When the painter paints the room for Earl Galeazzo Sanvitale and his wife Paola Gonzaga, between 1523 and the first half of 1524, Fontanellato, with San Secondo and Poviglio, that was Parma territory back then, was indicated as one of the most welcoming places for Jewish, due to the Lords’ policy of not caring about God’s hostility.
In the 16th century Jewish people are present both in town and in the feuds of the territory around: the Pallavicino are carrying on a policy of logging and repopulation by creating small capital cities, as Busseto, Cortemaggiore and Monticelli d’Ongina, therefore Jewish people were welcome to run loan banks, a forbidden activity for christians, and that was essential to activate the local economy.
A Jewish community was also present in Parma and had their cemetery at the Church of Santa Maria Maddalena, near the modern borgo della Posta.
In the year 1488 father Bernardino da Feltre, during his constant anti Jewish preaching, created in Parma the Monte di Pietà, whose successor is the former Bank del Monte, allowing christians to give loans. Thereby a decline started for the local Jewish, who had to leave the city. Later they do it for good when Ottavio Farnese, pressed by Pope Paolo IV who created ghettos and other restrictions, chose to alienate them from the Duchies in favor of other specific areas of residence.
For the area around Parma: Colorno, San Secondo, Sissa, Roccabianca, Soragna, Borgo San Donnino, Busseto. In the year 1803, when Moreau de Saint-Mèry applied in Parma the laws of the French revolution, that acknowledged equality of citizens and were against discriminations, Jewish got back in town and they were about seven hundred.
In 1817 Maria Luigia ordered the project of the Villetta cemetery, where thay had their own area for burial, still existing. Among the others, there is the grave of Eugenio Ravà, one of Garibaldi’s Thousands, while at the Soragna City hall a headstone remembers Tobia Levi, who died in 1859 during the Second war of Indipendence.

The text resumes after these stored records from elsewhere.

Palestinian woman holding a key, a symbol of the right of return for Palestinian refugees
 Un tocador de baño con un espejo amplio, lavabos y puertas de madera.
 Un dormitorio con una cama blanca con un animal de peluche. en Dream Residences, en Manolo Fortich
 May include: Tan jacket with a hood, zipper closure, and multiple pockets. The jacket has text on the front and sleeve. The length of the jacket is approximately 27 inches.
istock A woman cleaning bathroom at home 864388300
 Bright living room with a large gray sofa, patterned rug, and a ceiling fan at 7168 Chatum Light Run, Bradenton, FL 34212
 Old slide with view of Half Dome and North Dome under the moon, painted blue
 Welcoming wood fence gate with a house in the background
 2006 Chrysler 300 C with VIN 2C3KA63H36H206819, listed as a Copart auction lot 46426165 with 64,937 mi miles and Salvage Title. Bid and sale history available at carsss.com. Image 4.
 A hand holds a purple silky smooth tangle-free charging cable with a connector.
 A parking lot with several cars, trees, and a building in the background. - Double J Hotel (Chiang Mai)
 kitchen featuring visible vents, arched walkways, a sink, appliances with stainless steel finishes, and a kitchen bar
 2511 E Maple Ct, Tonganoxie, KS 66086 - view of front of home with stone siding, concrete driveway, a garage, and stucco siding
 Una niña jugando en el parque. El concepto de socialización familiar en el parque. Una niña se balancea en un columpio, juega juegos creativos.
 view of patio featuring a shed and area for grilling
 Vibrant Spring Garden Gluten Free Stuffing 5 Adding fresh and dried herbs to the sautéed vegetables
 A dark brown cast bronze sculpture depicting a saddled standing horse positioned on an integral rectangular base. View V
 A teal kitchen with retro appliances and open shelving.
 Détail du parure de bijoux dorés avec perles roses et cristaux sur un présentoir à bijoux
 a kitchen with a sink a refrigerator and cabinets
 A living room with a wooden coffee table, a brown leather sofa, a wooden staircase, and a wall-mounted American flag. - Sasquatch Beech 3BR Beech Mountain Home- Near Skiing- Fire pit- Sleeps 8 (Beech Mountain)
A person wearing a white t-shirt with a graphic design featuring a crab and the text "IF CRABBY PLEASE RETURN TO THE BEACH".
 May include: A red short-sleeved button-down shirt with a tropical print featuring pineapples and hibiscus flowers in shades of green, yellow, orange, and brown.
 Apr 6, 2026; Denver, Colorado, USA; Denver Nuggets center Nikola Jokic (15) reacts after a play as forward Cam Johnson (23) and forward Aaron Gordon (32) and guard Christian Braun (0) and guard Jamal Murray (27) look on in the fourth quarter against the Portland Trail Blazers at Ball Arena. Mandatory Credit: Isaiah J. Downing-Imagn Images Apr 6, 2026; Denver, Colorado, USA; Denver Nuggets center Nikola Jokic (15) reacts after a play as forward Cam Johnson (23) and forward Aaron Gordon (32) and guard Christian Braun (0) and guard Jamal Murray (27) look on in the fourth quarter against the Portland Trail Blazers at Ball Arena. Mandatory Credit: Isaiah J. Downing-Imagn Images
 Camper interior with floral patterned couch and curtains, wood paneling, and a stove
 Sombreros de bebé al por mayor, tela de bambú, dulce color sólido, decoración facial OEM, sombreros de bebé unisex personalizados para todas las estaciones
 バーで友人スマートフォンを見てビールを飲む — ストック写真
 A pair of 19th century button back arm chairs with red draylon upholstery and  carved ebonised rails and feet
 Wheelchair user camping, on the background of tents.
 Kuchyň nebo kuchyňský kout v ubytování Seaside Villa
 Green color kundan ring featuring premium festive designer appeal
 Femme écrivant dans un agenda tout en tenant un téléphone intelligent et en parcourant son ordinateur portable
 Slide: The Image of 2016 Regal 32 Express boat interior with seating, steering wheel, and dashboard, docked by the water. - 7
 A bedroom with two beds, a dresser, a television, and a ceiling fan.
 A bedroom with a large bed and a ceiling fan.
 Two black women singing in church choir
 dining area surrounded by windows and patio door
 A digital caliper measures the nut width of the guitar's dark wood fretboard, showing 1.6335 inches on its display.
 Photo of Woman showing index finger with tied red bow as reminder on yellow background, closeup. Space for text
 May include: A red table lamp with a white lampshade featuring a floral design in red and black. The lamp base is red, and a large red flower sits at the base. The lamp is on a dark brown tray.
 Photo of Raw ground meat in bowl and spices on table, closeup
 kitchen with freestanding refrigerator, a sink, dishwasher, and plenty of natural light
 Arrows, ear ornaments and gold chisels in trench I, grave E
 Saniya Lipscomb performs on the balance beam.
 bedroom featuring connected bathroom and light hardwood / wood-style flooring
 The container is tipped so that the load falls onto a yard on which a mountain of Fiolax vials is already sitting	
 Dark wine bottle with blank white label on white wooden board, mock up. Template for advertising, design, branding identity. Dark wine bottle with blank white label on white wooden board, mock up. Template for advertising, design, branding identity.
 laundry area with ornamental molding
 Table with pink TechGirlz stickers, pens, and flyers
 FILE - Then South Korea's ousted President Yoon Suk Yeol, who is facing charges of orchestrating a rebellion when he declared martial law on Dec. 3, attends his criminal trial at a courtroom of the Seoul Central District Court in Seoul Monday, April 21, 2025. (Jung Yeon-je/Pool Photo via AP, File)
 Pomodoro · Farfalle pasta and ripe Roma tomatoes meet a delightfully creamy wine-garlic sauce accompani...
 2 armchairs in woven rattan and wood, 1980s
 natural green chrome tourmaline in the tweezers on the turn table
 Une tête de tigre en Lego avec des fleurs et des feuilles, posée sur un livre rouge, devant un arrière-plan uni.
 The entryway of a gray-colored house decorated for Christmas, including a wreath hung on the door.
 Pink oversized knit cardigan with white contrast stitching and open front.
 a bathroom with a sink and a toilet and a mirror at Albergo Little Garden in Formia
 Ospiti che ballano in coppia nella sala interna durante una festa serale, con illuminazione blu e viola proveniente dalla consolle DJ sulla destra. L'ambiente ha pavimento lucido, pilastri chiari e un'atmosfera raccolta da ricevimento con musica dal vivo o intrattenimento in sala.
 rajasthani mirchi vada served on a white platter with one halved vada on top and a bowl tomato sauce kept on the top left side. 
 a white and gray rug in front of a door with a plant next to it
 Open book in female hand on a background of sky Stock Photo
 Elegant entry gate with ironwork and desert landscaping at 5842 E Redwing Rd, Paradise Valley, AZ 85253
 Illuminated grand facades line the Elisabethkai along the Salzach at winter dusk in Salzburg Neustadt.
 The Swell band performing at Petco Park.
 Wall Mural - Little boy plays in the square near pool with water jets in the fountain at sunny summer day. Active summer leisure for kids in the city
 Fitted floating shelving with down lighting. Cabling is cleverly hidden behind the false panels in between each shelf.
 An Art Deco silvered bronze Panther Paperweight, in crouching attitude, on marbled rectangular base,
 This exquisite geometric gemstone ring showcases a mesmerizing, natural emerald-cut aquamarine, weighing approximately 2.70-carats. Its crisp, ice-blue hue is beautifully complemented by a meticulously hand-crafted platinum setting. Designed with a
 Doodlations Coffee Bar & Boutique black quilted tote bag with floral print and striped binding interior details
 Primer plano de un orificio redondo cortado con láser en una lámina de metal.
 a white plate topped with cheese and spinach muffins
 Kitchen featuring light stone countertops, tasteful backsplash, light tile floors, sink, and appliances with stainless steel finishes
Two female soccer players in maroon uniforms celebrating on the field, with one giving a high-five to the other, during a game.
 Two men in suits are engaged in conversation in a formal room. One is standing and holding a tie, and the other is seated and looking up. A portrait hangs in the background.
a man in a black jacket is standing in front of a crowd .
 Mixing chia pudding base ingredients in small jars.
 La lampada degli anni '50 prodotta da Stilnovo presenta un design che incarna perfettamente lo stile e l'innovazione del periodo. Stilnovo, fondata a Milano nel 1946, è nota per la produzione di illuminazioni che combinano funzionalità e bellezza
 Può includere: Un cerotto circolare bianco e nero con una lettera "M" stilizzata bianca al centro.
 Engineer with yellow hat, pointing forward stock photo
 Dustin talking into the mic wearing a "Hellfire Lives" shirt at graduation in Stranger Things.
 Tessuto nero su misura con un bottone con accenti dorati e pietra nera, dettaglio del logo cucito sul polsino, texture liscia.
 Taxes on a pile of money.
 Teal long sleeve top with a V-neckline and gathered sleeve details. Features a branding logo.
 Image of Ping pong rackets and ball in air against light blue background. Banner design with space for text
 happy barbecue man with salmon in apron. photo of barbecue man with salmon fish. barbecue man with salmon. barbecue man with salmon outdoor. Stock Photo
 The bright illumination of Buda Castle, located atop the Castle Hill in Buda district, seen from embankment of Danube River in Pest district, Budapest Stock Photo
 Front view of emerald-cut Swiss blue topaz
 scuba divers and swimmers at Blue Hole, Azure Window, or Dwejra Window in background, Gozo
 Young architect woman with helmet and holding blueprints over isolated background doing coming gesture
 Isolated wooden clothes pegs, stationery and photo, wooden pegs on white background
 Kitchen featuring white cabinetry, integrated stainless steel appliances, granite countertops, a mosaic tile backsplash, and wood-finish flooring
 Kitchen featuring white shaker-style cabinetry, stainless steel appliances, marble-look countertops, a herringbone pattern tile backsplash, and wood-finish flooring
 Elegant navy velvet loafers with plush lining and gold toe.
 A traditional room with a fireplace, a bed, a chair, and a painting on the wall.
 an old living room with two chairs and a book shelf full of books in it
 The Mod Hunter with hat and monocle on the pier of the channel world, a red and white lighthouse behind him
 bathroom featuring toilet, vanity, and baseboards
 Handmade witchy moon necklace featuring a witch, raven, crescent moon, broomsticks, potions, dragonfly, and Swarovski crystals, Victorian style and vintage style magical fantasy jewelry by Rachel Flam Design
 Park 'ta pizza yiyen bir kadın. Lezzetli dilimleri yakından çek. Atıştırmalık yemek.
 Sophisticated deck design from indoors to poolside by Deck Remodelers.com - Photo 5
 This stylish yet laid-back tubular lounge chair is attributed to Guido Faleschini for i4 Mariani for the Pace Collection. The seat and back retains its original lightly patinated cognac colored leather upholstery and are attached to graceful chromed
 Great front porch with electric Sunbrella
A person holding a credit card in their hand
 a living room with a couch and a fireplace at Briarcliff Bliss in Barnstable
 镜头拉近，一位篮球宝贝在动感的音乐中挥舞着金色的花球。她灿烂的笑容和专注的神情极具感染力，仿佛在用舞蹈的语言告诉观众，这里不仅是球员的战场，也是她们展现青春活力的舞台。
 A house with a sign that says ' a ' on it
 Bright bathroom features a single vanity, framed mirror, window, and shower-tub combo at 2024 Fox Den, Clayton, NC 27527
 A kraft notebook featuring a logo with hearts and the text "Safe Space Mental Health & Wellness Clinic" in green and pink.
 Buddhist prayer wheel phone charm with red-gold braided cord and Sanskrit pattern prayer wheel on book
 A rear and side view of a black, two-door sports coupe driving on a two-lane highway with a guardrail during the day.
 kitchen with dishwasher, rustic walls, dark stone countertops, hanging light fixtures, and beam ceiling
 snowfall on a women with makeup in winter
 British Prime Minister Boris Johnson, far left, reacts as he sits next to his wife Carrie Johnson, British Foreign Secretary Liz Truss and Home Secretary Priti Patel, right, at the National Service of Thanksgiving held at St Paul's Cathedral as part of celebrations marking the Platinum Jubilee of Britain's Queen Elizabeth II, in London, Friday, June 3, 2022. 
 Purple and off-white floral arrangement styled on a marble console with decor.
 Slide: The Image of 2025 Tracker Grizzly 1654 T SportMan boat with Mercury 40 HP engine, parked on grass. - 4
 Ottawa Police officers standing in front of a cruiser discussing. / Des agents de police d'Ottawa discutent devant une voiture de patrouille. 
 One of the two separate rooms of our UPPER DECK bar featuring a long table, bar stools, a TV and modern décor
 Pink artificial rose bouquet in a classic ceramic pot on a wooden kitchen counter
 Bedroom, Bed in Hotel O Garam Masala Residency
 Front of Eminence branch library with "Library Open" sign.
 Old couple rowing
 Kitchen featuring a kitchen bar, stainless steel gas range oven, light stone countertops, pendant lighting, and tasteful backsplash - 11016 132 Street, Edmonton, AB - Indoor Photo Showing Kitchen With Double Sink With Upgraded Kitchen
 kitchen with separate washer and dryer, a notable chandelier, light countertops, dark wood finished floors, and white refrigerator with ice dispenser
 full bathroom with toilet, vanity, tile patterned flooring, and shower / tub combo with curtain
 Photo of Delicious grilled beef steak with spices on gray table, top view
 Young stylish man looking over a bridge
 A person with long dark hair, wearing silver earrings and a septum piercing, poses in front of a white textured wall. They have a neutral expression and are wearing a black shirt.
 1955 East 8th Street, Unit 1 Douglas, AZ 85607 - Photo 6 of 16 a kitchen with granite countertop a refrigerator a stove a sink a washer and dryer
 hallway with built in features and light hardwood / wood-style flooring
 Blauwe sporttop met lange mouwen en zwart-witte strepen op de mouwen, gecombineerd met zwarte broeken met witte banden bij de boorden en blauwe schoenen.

In 1866 opened the Synagogue of vicolo Cervi 4 in Parma, designed by architect Pancrazio Soncini, which is still home of the community and of the archive.
From 1845 to 1848 in Parma was published the first Jewish newspaper in Italian, the “Rivista israelitica. Giornale di morale, culto, letteratura e varietà”.
An extraordinary treasure of Jewish culture is the Palatina library in Parma, second in the world only to the Bodleian library of Oxford, while all the documents about the Jewish community are preserved in the National archive of Parma, included a precious collection of medieval Holy texts, in the Municipal archive and the one of the Historical institute of Resistence and contemporary years of vicolo delle Asse 5, that houses the documents about Shoah.
In the Montanara district, in via Bramante, there is the park entitled to the Fano and Della Pergola brothers to remember the six kids deported to Aushwitz with a headstand dedicated to the young victims.
Soragna is the place with more memories, witht he Synagogue of via Cavour 3, built in 1855, the Jewish museum Fausto Levi, the room of synagogues, the room of Shoah and Hurbinek: the room for schools in via Garibaldi 52. In Soragna there is also the Jewish cemetery, in the countryside, 3 km
away, that can be reached through strada Argini and via degli Israeliti.
Jewish evidences are also in Busseto, in the cemetery, in the works of Gioacchino Levi (1818 – 1903) preserved in many places, among which the Monte di Pietà library.